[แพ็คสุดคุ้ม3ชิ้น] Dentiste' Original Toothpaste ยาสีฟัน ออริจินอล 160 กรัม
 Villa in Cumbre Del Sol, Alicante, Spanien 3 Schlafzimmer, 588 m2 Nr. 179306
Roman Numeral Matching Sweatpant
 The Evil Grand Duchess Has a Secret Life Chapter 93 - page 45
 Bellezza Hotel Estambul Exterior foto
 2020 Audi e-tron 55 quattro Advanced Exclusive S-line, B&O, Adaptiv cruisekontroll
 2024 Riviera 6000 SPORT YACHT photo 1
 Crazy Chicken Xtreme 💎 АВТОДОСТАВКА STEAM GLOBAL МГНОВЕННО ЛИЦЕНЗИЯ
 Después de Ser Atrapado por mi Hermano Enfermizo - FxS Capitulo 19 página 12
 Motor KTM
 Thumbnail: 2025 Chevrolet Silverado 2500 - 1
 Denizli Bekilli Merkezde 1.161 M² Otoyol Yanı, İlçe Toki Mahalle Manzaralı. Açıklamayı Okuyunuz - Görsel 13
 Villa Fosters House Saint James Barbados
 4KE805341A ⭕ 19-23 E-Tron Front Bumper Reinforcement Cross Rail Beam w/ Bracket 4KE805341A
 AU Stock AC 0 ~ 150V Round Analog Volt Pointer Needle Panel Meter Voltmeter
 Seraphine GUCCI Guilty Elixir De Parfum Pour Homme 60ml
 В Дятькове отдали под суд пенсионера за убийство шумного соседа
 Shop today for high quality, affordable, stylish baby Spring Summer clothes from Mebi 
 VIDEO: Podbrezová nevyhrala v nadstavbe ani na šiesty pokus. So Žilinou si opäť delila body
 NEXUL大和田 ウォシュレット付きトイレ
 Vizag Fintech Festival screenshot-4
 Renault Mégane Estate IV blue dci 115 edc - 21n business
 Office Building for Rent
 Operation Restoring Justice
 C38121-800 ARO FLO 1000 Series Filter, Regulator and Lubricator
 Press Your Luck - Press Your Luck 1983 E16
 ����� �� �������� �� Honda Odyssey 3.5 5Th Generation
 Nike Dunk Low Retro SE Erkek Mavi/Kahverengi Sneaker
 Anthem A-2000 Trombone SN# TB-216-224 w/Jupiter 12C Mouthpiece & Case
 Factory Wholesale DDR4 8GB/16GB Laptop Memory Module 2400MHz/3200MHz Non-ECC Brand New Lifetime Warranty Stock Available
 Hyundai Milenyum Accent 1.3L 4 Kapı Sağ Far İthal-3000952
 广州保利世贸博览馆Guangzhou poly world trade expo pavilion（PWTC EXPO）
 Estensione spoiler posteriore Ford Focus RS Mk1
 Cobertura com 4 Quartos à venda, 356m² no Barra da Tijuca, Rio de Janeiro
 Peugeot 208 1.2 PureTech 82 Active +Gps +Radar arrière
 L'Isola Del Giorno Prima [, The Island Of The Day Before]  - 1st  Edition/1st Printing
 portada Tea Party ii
========
### WORK INSTRUCTION
Quote exactly the first line of the entries and every line after it, stopping with the line that contains "Shop today for".

### TASK RESPONSE
[แพ็คสุดคุ้ม3ชิ้น] Dentiste' Original Toothpaste ยาสีฟัน ออริจินอล 160 กรัม
 Villa in Cumbre Del Sol, Alicante, Spanien 3 Schlafzimmer, 588 m2 Nr. 179306
Roman Numeral Matching Sweatpant
 The Evil Grand Duchess Has a Secret Life Chapter 93 - page 45
 Bellezza Hotel Estambul Exterior foto
 2020 Audi e-tron 55 quattro Advanced Exclusive S-line, B&O, Adaptiv cruisekontroll
 2024 Riviera 6000 SPORT YACHT photo 1
 Crazy Chicken Xtreme 💎 АВТОДОСТАВКА STEAM GLOBAL МГНОВЕННО ЛИЦЕНЗИЯ
 Después de Ser Atrapado por mi Hermano Enfermizo - FxS Capitulo 19 página 12
 Motor KTM
 Thumbnail: 2025 Chevrolet Silverado 2500 - 1
 Denizli Bekilli Merkezde 1.161 M² Otoyol Yanı, İlçe Toki Mahalle Manzaralı. Açıklamayı Okuyunuz - Görsel 13
 Villa Fosters House Saint James Barbados
 4KE805341A ⭕ 19-23 E-Tron Front Bumper Reinforcement Cross Rail Beam w/ Bracket 4KE805341A
 AU Stock AC 0 ~ 150V Round Analog Volt Pointer Needle Panel Meter Voltmeter
 Seraphine GUCCI Guilty Elixir De Parfum Pour Homme 60ml
 В Дятькове отдали под суд пенсионера за убийство шумного соседа
 Shop today for high quality, affordable, stylish baby Spring Summer clothes from Mebi 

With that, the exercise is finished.